- DESCRIPTION OF THE TASK: Return, word for word, the line that contains "Commercial property in" and every line after it through the end of the records.
[DATA TO EXAMINE — start]
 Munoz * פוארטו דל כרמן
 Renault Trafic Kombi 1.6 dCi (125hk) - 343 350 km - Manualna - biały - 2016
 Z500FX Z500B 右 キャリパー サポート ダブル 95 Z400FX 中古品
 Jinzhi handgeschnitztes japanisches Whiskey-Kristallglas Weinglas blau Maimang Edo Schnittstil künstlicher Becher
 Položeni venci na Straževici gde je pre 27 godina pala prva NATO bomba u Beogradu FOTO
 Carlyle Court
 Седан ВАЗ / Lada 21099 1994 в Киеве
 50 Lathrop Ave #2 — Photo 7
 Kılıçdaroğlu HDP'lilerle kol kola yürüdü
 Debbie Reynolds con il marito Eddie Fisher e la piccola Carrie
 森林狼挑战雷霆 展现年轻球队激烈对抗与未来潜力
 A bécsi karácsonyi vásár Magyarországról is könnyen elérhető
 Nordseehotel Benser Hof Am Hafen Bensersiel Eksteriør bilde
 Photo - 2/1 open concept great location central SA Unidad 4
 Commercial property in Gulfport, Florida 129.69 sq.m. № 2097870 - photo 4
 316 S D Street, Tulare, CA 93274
[DATA TO EXAMINE — finish]
- RESULT OF THIS TASK:
 Commercial property in Gulfport, Florida 129.69 sq.m. № 2097870 - photo 4
 316 S D Street, Tulare, CA 93274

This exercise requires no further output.